*** Opening Provided data ***

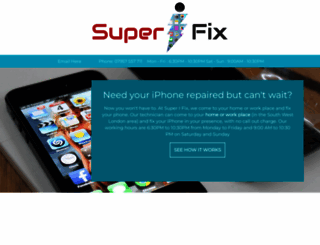 superifix.co.uk screenshot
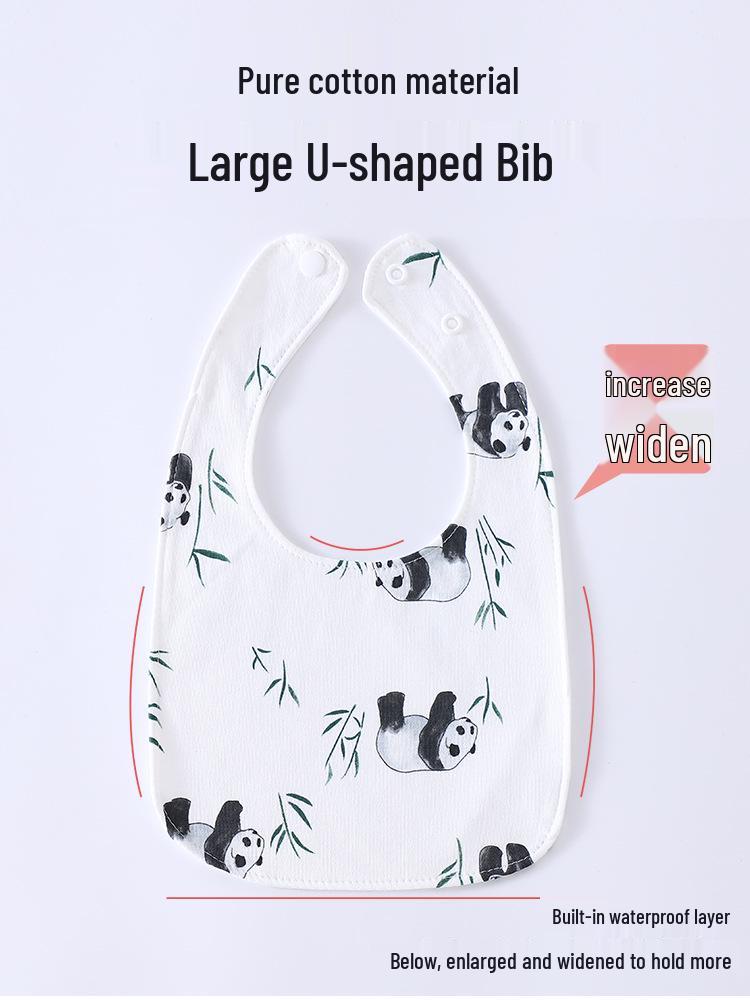 Waterproof A-Class Pure Cotton Baby Bib - Newborn & Toddler U-Shape Neck Gaiter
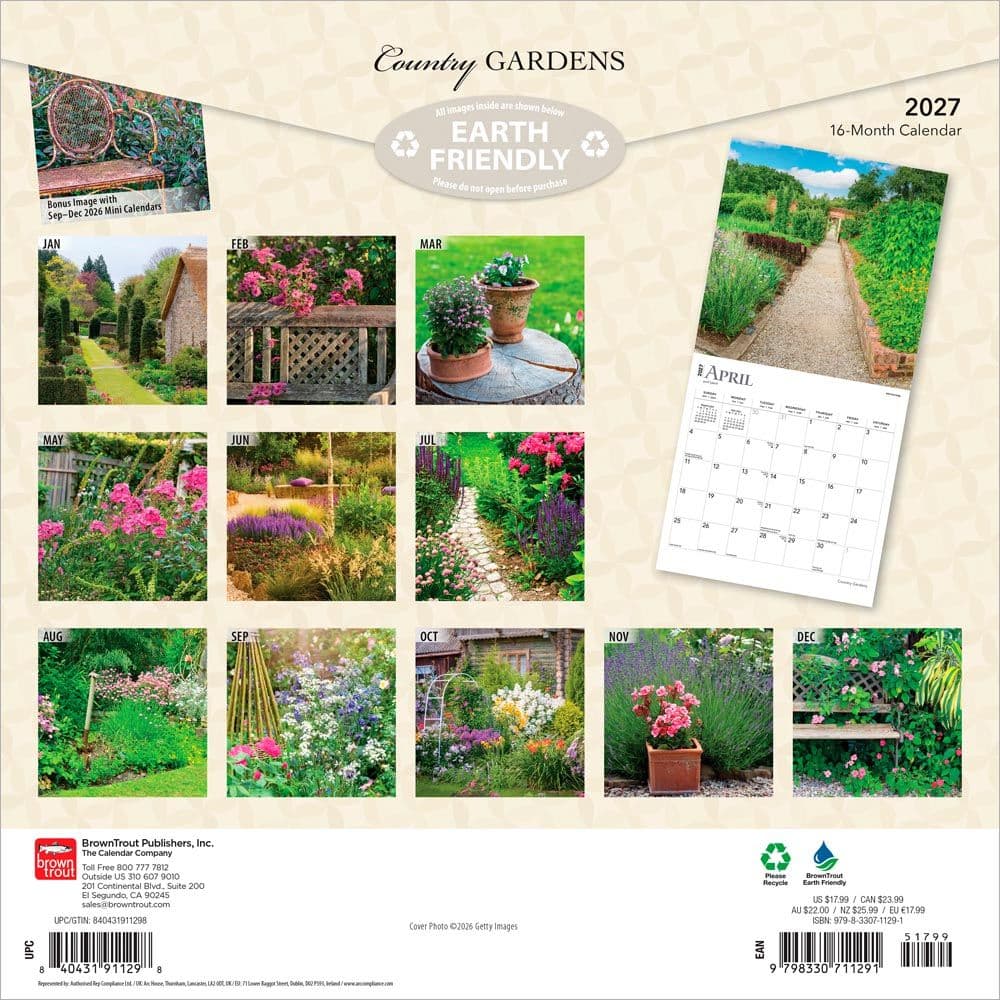 Country Gardens 2027 Wall Calendar First Alternate Image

*** Closing Provided data ***

● **Task goal**:
Would you return all of the data above word for word, omitting every picture?

● **Written reply**:
 superifix.co.uk screenshot
 Waterproof A-Class Pure Cotton Baby Bib - Newborn & Toddler U-Shape Neck Gaiter
 Country Gardens 2027 Wall Calendar First Alternate Image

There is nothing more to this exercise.